Statistical Utilities

causationentropy.core.stats.auc(TPRs, FPRs)[source]

Compute Area Under the ROC Curve (AUC) using trapezoidal integration.

The Area Under the Curve provides a single scalar measure of classifier performance across all classification thresholds. It is computed as:

\[\text{AUC} = \int_0^1 \text{TPR}(\text{FPR}) \, d(\text{FPR})\]

where TPR (True Positive Rate) and FPR (False Positive Rate) define the ROC curve. The integral is approximated using the trapezoidal rule:

\[\text{AUC} \approx \sum_{i=1}^{n-1} \frac{1}{2}[\text{TPR}_i + \text{TPR}_{i+1}][\text{FPR}_{i+1} - \text{FPR}_i]\]

Parameters:

TPRs (array-like) – True Positive Rates (sensitivities) corresponding to different thresholds. Should be sorted in ascending order of FPR.
FPRs (array-like) – False Positive Rates (1 - specificities) corresponding to different thresholds. Should be sorted in ascending order.

Returns:

AUC – Area under the ROC curve. Values range from 0 to 1, where: - 0.5: Random classifier performance - 1.0: Perfect classifier performance - 0.0: Perfectly wrong classifier (can be inverted)

Return type:

float

Notes

The AUC metric provides several interpretations:

Probabilistic: Probability that a randomly chosen positive instance ranks higher than a randomly chosen negative instance
Geometric: Area under the ROC curve in TPR-FPR space
Performance: Single-number summary of classifier quality across thresholds

Advantages: - Scale-invariant: Measures prediction quality regardless of classification threshold - Aggregated: Provides performance summary across all thresholds

Limitations: - Can be overly optimistic for imbalanced datasets - Doesn’t reflect class distribution in deployment - May not align with specific cost considerations

Examples

>>> import numpy as np
>>> from causationentropy.core.stats import auc
>>>
>>> # Perfect classifier
>>> tpr_perfect = np.array([0, 1, 1])
>>> fpr_perfect = np.array([0, 0, 1])
>>> print(f"Perfect AUC: {auc(tpr_perfect, fpr_perfect)}")
>>>
>>> # Random classifier
>>> tpr_random = np.array([0, 0.5, 1])
>>> fpr_random = np.array([0, 0.5, 1])
>>> print(f"Random AUC: {auc(tpr_random, fpr_random)}")

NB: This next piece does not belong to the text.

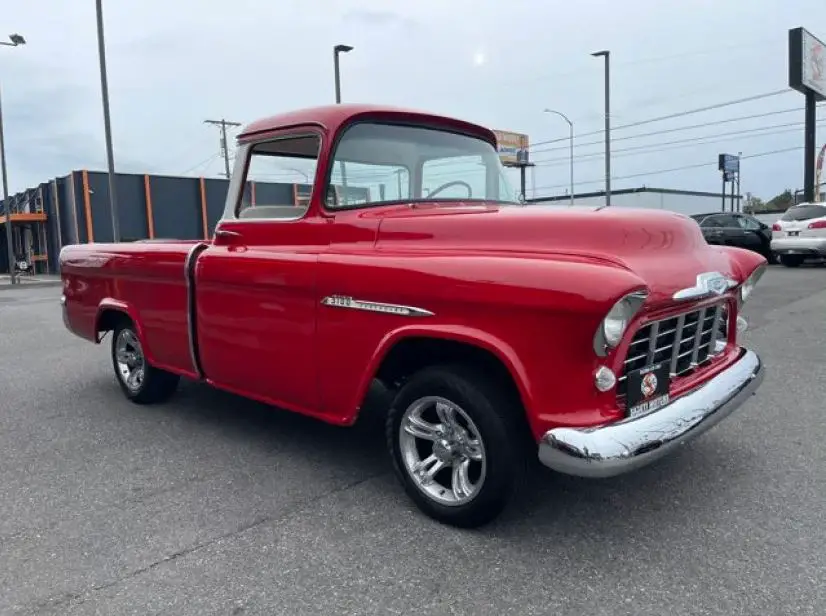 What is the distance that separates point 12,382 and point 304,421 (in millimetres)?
3435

causationentropy.core.stats.Compute_TPR_FPR(A, B)[source]

Compute True Positive Rate and False Positive Rate for binary adjacency matrices.

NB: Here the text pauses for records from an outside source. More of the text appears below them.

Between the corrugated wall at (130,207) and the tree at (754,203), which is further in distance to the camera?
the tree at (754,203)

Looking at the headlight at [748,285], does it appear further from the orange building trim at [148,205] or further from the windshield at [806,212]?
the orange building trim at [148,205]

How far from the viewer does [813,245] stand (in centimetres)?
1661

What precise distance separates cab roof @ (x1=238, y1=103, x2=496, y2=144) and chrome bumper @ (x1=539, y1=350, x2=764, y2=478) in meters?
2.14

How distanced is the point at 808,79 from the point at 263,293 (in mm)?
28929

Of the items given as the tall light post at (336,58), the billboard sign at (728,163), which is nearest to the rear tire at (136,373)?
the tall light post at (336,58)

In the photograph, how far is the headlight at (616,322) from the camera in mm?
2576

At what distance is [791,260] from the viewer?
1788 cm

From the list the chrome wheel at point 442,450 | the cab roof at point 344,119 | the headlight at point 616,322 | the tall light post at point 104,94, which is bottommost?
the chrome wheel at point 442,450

This function evaluates the performance of a predicted network (B) against a ground truth network (A) by computing standard classification metrics:

\[\text{TPR} = \frac{\text{TP}}{\text{TP} + \text{FN}} = \frac{\text{TP}}{P}\]

\[\text{FPR} = \frac{\text{FP}}{\text{FP} + \text{TN}} = \frac{\text{FP}}{N}\]

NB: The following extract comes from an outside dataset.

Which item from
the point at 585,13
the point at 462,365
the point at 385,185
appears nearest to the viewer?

where: - TP: True positives (correctly predicted edges) - FN: False negatives (missed edges) - FP: False positives (incorrectly predicted edges) - TN: True negatives (correctly predicted non-edges) - P: Total positive edges in ground truth - N: Total negative edges in ground truth

Parameters:

A (array-like of shape (n, n)) – Ground truth binary adjacency matrix. Should contain only 0s and 1s.
B (array-like of shape (n, n)) – Predicted binary adjacency matrix. Should contain only 0s and 1s and have the same shape as A.

Returns:

TPR (float) – True Positive Rate (Sensitivity, Recall). Fraction of actual edges that were correctly identified.
FPR (float) – False Positive Rate (1 - Specificity). Fraction of actual non-edges that were incorrectly predicted as edges.

Notes

This implementation assumes: - Matrices are square and binary - Self-loops are excluded (diagonal elements ignored) - Matrices represent undirected graphs (symmetric)

Interpretation: - TPR (Sensitivity): How well the method detects true connections - FPR (1-Specificity): How often the method falsely detects connections

Performance Assessment: - High TPR, Low FPR: Excellent performance - High TPR, High FPR: Sensitive but not specific - Low TPR, Low FPR: Conservative approach - Low TPR, High FPR: Poor performance

Applications: - Network reconstruction evaluation - Causal discovery validation - ROC curve generation - Method comparison and benchmarking

Examples

>>> import numpy as np
>>> from causationentropy.core.stats import Compute_TPR_FPR
>>>
>>> # Ground truth: simple 3-node chain
>>> A = np.array([[0, 1, 0],
...               [1, 0, 1],
...               [0, 1, 0]])
>>>
>>> # Perfect prediction
>>> B_perfect = A.copy()
>>> tpr, fpr = Compute_TPR_FPR(A, B_perfect)
>>> print(f"Perfect: TPR={tpr:.2f}, FPR={fpr:.2f}")
>>>
>>> # Overprediction (extra edge)
>>> B_over = np.array([[0, 1, 1],
...                    [1, 0, 1],
...                    [1, 1, 0]])
>>> tpr, fpr = Compute_TPR_FPR(A, B_over)
>>> print(f"Overpredicted: TPR={tpr:.2f}, FPR={fpr:.2f}")